Good morning,
I have some doubt about ADC functioning because we read always an offset (about 10%, not fixed in absolute value) when we read an external sensor.
We configured ADC1 in our DT to use gpio1.00 and gpio1.01.
HW circuit is composed of on 150 ohm resistor connected to gpio pin to measure the voltage.
Then, if we simulate an external sensor generating 4mA / 8 mA / 12mA / 16mA / 20mA, we read values in figure:
But we are expecting values like:
current - raw value (current * 150 ohm)
4 mA - 600
8 mA - 1200
12 mA - 1800
16 mA - 2400
20 mA - 3000
We measure the resistor and it is 150 ohm for sure.

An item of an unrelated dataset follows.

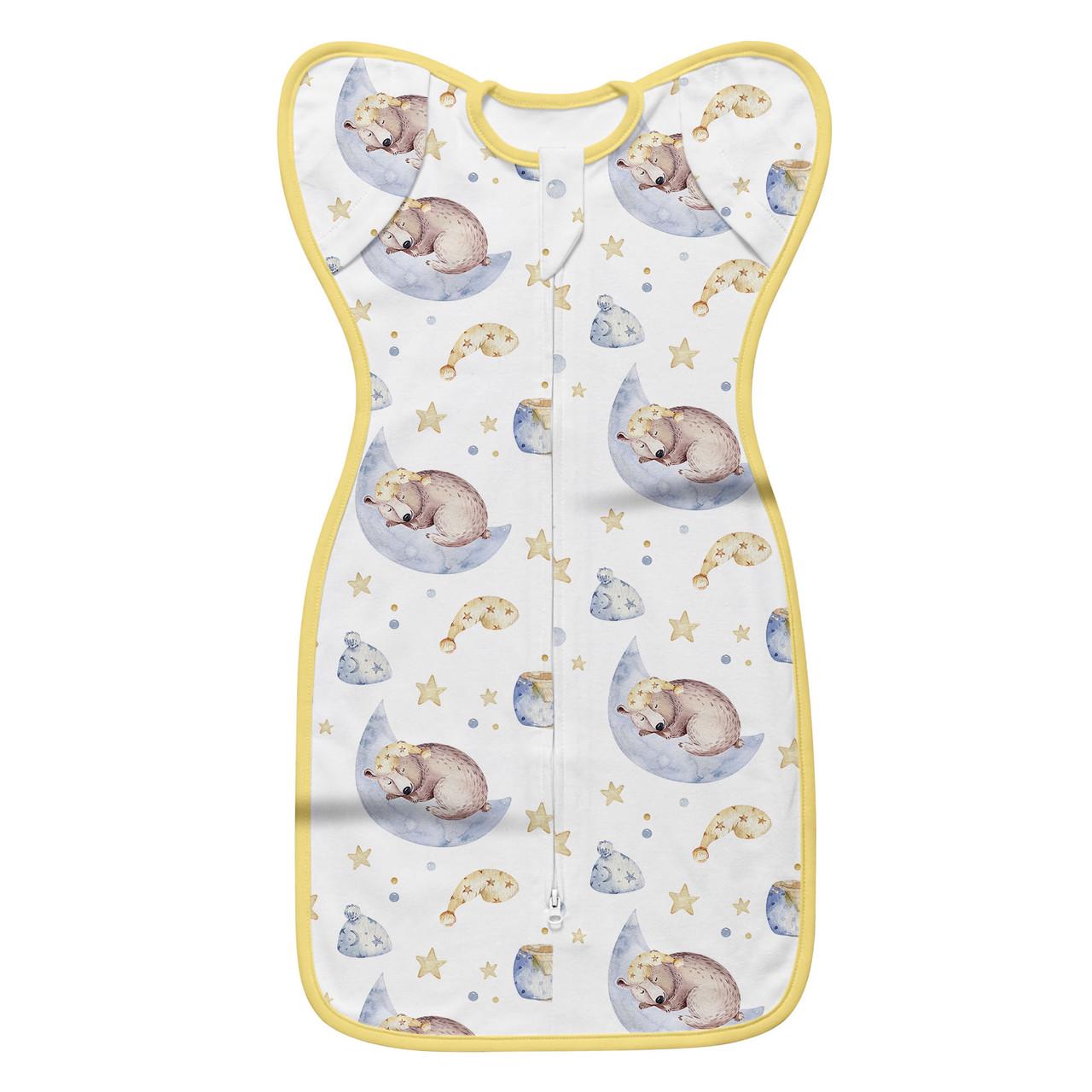 Пеленка-кокон для младенцев Спящий медведь на молнии интерлок 68x35 см (1958800963)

Do we need to calibrate the ADC? or change some parameters?
Other unresolved question is what is the ‘in_voltage_scale’ value which is stored into the file in figure.
We understood it is related to reg_module_3v3_avdd declared in DT, but it seems it is not used. We tried to change reg_module_3v3_avdd = <4096000> to obtain in_voltage_scale = 1. But ADC raw values remain the same.
So, which is the functioning of in_voltage_scale value?
Seems like the ADC you are using is the i.MX6ULL SoC one, right? If yes, from where you got this num-channels property?
Also, please share the HW schematics that you are using to generate the voltage. The ground connection is really important: which ground are you using?
In our schematic AI1_4-20mA is directly connected to external connector, while AI1_0.6-3V is connected to pin sodimm8 of colibri SoM. GND is standard for the entire board. In between there is a component for protecting the uC. You see the 150ohm resistance.
Do you have a separate supply for your ADC going into pins 10/12 of the colibri? You’ll need something filtered going in there (not the standard 3.3 from the entire board).
I’ve also never seen a design without some sort of opamp between your output voltage and the colibri adc input.
You could also back up and just feed a direct voltage into the pin without the external components and see what you get.
These are expected millivolts. in_voltage_raw are raw ADC counts, so you should expect
mA*150 / Vref[mV]*4096 (2^12)
And then you get less than expected. One of reason is how you set up IOMUXC. 0x3000 - is enable 100 kOhm pull down, which using your filter resistor gives 100/(10+100) voltage divider. So for 16mA you should read 2978 without divider and 2708 taking divider into account. Pull resistance values aren’t very precise, so 2708 vs 2650 is pretty close.
Try disabling pull device with 0x0 instead of 0x3000 in pad settings.
It is the number to multiply raw value by to get voltage in mV units.